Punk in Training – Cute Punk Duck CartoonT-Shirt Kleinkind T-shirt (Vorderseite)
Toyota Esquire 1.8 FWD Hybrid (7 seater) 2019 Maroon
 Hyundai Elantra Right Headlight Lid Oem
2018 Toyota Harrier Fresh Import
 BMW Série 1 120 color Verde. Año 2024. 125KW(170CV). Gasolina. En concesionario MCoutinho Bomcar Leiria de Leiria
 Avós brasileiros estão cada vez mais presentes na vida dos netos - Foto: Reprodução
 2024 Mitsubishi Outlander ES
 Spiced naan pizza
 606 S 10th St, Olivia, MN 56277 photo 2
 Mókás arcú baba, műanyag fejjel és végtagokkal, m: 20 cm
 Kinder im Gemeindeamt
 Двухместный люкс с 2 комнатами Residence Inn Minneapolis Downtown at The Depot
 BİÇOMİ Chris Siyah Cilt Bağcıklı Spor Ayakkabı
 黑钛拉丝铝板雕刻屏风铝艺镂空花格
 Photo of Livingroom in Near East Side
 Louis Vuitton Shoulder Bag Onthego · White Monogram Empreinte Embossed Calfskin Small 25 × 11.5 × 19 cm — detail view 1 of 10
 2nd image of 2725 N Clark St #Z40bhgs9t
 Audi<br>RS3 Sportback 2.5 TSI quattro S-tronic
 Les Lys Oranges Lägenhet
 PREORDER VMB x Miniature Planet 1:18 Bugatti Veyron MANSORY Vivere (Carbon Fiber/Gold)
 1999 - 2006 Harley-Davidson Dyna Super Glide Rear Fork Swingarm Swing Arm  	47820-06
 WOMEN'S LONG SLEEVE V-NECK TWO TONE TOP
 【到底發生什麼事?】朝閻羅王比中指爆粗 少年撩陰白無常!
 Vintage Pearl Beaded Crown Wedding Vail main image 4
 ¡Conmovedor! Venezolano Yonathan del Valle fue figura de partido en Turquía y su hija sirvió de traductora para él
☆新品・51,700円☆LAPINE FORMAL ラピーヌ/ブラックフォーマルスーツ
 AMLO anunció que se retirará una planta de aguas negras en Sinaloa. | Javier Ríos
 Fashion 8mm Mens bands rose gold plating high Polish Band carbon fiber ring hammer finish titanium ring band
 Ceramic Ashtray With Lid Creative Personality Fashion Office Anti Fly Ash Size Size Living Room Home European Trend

■ **WHAT TO PRODUCE**
Only the stretch of lines that begins with the one holding "BMW Série 1" and ends with the last line above belongs in the answer; please write it out exactly.

■ **OUTPUT FOR THIS EXERCISE**
 BMW Série 1 120 color Verde. Año 2024. 125KW(170CV). Gasolina. En concesionario MCoutinho Bomcar Leiria de Leiria
 Avós brasileiros estão cada vez mais presentes na vida dos netos - Foto: Reprodução
 2024 Mitsubishi Outlander ES
 Spiced naan pizza
 606 S 10th St, Olivia, MN 56277 photo 2
 Mókás arcú baba, műanyag fejjel és végtagokkal, m: 20 cm
 Kinder im Gemeindeamt
 Двухместный люкс с 2 комнатами Residence Inn Minneapolis Downtown at The Depot
 BİÇOMİ Chris Siyah Cilt Bağcıklı Spor Ayakkabı
 黑钛拉丝铝板雕刻屏风铝艺镂空花格
 Photo of Livingroom in Near East Side
 Louis Vuitton Shoulder Bag Onthego · White Monogram Empreinte Embossed Calfskin Small 25 × 11.5 × 19 cm — detail view 1 of 10
 2nd image of 2725 N Clark St #Z40bhgs9t
 Audi<br>RS3 Sportback 2.5 TSI quattro S-tronic
 Les Lys Oranges Lägenhet
 PREORDER VMB x Miniature Planet 1:18 Bugatti Veyron MANSORY Vivere (Carbon Fiber/Gold)
 1999 - 2006 Harley-Davidson Dyna Super Glide Rear Fork Swingarm Swing Arm  	47820-06
 WOMEN'S LONG SLEEVE V-NECK TWO TONE TOP
 【到底發生什麼事?】朝閻羅王比中指爆粗 少年撩陰白無常!
 Vintage Pearl Beaded Crown Wedding Vail main image 4
 ¡Conmovedor! Venezolano Yonathan del Valle fue figura de partido en Turquía y su hija sirvió de traductora para él
☆新品・51,700円☆LAPINE FORMAL ラピーヌ/ブラックフォーマルスーツ
 AMLO anunció que se retirará una planta de aguas negras en Sinaloa. | Javier Ríos
 Fashion 8mm Mens bands rose gold plating high Polish Band carbon fiber ring hammer finish titanium ring band
 Ceramic Ashtray With Lid Creative Personality Fashion Office Anti Fly Ash Size Size Living Room Home European Trend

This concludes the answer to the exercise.